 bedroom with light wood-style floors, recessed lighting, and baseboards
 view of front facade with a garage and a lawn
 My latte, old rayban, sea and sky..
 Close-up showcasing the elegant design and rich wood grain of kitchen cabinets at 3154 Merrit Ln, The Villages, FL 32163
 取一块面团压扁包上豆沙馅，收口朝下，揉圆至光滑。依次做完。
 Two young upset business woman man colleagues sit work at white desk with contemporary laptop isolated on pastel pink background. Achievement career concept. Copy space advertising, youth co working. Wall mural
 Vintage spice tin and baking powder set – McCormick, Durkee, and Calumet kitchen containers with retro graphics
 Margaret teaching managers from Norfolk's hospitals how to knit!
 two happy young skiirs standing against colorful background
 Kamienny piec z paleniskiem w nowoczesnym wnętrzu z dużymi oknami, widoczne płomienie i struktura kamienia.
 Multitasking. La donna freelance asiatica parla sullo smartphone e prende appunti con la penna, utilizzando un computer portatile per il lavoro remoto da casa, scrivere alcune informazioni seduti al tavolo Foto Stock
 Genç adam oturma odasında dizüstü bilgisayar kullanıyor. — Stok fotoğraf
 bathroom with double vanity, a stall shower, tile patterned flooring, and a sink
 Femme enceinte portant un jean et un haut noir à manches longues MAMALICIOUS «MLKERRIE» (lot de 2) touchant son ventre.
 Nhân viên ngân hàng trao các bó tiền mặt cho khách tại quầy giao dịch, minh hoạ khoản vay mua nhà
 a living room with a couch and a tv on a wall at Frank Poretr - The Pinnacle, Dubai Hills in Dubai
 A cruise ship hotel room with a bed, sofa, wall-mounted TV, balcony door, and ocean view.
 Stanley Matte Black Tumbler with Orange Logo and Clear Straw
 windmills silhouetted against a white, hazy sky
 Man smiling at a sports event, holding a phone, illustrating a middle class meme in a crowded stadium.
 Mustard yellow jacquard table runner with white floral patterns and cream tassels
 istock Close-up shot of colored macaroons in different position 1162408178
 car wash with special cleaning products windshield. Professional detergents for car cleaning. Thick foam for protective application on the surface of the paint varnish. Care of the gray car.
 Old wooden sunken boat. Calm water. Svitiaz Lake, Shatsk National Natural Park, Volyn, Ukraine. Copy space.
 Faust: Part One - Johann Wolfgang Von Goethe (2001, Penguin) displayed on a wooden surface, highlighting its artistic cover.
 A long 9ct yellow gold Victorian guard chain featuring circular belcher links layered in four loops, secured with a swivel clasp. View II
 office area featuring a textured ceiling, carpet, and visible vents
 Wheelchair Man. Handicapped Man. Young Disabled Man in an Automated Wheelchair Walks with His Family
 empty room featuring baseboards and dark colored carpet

____________

From the opening line of the data above through the line holding "Vintage spice tin", give every line again exactly as it stands.

Exercise result >>
 bedroom with light wood-style floors, recessed lighting, and baseboards
 view of front facade with a garage and a lawn
 My latte, old rayban, sea and sky..
 Close-up showcasing the elegant design and rich wood grain of kitchen cabinets at 3154 Merrit Ln, The Villages, FL 32163
 取一块面团压扁包上豆沙馅，收口朝下，揉圆至光滑。依次做完。
 Two young upset business woman man colleagues sit work at white desk with contemporary laptop isolated on pastel pink background. Achievement career concept. Copy space advertising, youth co working. Wall mural
 Vintage spice tin and baking powder set – McCormick, Durkee, and Calumet kitchen containers with retro graphics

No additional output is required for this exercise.